── Records for the exercise
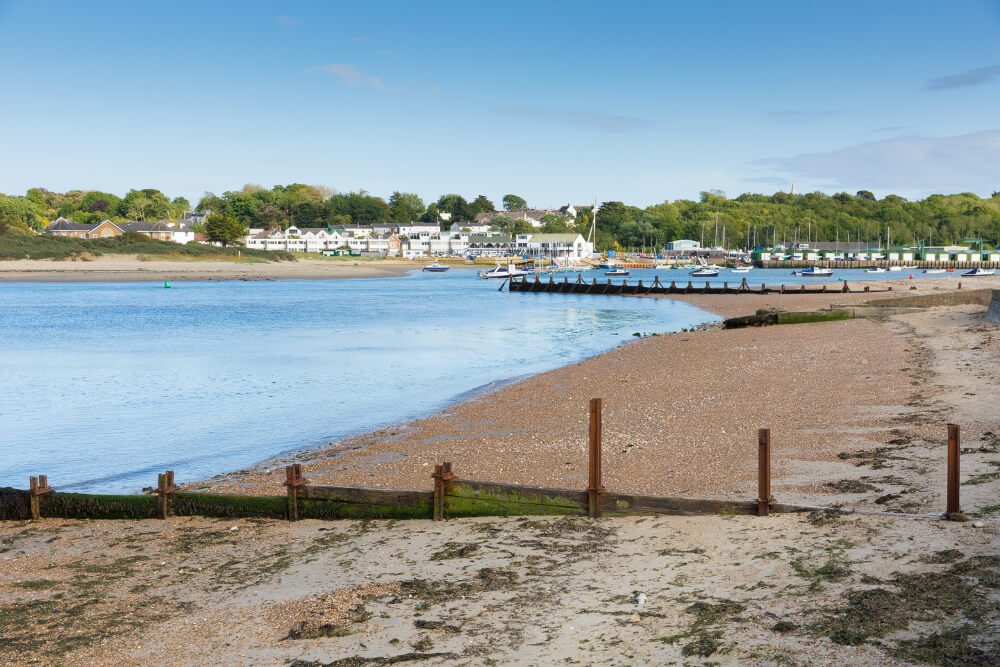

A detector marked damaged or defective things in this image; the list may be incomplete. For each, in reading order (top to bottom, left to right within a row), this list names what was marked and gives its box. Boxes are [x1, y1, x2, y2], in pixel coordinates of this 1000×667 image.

rusty metal post [584, 400, 600, 520]
rusty metal post [756, 430, 772, 520]
rusty metal post [944, 422, 960, 516]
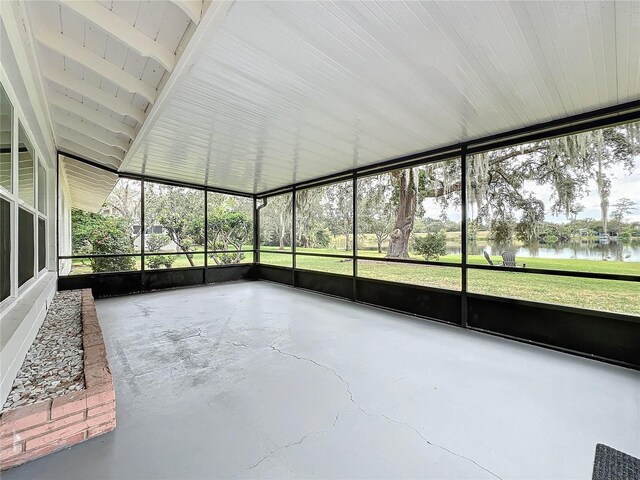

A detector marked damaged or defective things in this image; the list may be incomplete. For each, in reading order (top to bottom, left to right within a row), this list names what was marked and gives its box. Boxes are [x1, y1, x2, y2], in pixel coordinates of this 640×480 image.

floor crack [268, 344, 502, 478]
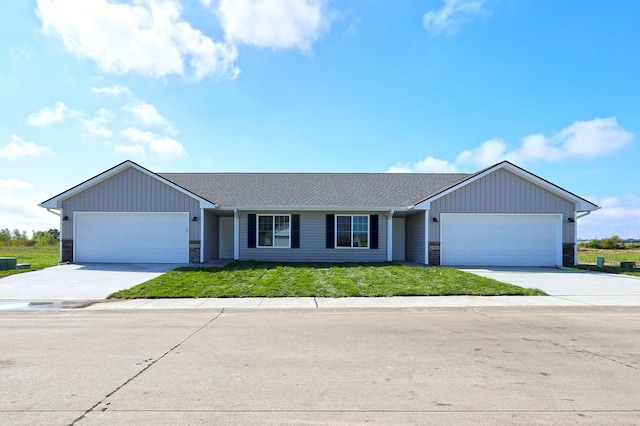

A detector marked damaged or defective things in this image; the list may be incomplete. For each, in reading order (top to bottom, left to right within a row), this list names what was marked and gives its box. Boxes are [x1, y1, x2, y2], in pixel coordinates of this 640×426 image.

crack in concrete road [69, 308, 225, 424]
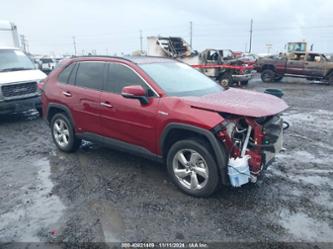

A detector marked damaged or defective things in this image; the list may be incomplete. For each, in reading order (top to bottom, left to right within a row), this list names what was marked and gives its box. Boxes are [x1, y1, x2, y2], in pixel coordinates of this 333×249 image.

crumpled hood [0, 69, 46, 85]
wrecked vehicle [42, 56, 288, 196]
wrecked vehicle [147, 36, 253, 87]
crumpled hood [180, 87, 286, 117]
damaged front end [213, 114, 282, 186]
wrecked vehicle [255, 51, 330, 83]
────
Every line from the one containing "this 640×426 image." through the end of the entries above, both included, should be extracted exactly, with pictures left out.

#### [Answer section]
A detector marked damaged or defective things in this image; the list may be incomplete. For each, in reading order (top to bottom, left to right within a row), this list names what was marked and gives its box. Boxes are [x1, y1, x2, y2], in pixel coordinates of this 640×426 image.

crack in concrete road [69, 308, 225, 424]

A detector marked damaged or defective things in this image; the list may be incomplete. For each, in reading order (top to bottom, left to right within a row), this list names what was marked and gives its box. Boxes are [x1, y1, x2, y2], in pixel coordinates of this 333×249 image.

crumpled hood [0, 69, 46, 85]
wrecked vehicle [42, 56, 288, 196]
wrecked vehicle [147, 36, 253, 87]
crumpled hood [180, 87, 286, 117]
damaged front end [213, 114, 282, 186]
wrecked vehicle [255, 51, 330, 83]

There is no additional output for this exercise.